Friday, 29 March 2019

Book review: The Exquisite Corpse, Alfred Chester (1967)

I came across this author while reading the memoir of a publisher’s editor named Diana Athill. Her book came out 19 years ago and I reviewed it on 24 February of this year. Athill’s book included a section containing her reminiscences about notable authors whose work she had helped shepherd into the world. The story of one of them, a man named Alfred Chester, struck me at the time as particularly tragic due to the existence of mental illness in it, so I promised myself I would one day read one of his books.
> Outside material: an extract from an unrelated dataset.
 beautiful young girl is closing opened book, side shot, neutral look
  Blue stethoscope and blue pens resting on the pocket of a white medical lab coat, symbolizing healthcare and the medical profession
This review is the result of that process.

I though about the unfinished book awaiting me at home on the day the review was eventually written when I went with a friend to a cafĂ© in Glebe in Sydney’s inner suburbs, for breakfast. The waiter was young and had long, dark, painted fingernails that looked artificial. He also wore a skirt. He took our orders and served the coffee and the food with the same aplomb as any other person, but he looked pretty outlandish it has to be admitted. At the time Chester’s book was published such a person as our waiter would have been inconceivably outre. In 1960s New York a male waiter in a dark cotton skirt could not have existed outside perhaps some private clubs designed for the use of rich patrons with unusual tastes. How far we have come! But, if you read Chester’s novel, you also realise that we are still bound in our daily lives by conventions that existed in those days. Which makes this novel seem sort of timeless.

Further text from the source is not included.